The shape of our past
When we turn to history, we tend to plunder it for examples of what has happened here before.
We prefer the past to reassure us, and so we enter into a false exchange with its fragments. We read backwards, hunting for other turning points, earlier crises and the solutions they might offer.
We want the past to offer an answer-bandage we can apply to the present. It's hard for us to read history as an active agent, as a dynamic and even enigmatic story that hindsight cannot pin down.
Here, in 21st-century Calgary, we need to be reminded of how our quietly surrounding past is more complicated than dates or famous names, than those who built the highrises or those who made and lost the most money. The danger of using prosperity as a guidepost is how it overshadows the grassroots stories, those closest to our genesis.

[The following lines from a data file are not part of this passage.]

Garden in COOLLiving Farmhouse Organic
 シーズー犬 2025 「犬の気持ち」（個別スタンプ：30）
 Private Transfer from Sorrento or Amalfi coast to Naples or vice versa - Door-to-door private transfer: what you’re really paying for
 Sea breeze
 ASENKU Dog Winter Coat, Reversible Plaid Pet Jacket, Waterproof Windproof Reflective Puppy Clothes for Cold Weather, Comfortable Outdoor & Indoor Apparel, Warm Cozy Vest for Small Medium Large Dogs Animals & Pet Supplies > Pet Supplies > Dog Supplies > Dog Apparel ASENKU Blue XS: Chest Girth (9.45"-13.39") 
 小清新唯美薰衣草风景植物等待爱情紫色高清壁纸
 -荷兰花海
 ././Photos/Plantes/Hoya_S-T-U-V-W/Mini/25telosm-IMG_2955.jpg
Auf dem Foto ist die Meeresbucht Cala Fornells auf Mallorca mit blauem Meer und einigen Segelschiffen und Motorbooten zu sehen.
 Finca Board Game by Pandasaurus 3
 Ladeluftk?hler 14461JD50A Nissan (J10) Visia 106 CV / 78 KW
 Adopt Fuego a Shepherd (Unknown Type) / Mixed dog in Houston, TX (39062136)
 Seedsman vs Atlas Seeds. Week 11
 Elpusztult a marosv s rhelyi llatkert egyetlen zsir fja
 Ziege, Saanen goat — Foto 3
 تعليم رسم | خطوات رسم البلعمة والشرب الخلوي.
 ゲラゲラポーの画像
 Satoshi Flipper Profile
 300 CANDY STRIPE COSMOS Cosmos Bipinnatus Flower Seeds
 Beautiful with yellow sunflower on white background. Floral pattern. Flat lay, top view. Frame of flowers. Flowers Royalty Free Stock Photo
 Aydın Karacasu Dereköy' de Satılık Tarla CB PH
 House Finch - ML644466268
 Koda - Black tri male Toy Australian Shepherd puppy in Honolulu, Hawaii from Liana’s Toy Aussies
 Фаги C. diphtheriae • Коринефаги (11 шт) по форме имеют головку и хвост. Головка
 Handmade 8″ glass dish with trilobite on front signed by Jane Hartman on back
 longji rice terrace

'We assume public art is there for us to notice and appraise, to love or scorn' - Aritha van Herk
We might believe that our character is formed by economics or geology, but there are deeper footings underwriting Calgary, despite our oblivion or our deliberate disregard.
To appreciate Calgary's temperament, to achieve an understanding germane to our quest to become diversified and knowledgeable and self-respecting, we cannot forget how the shape of our past shapes us.
Mapping our magic
Think about Travelling Light, the much-maligned public art lamppost we refer to as the Blue Ring — as well as other choice epithets. Calgarians love to hate it, and we make no bones about our dislike.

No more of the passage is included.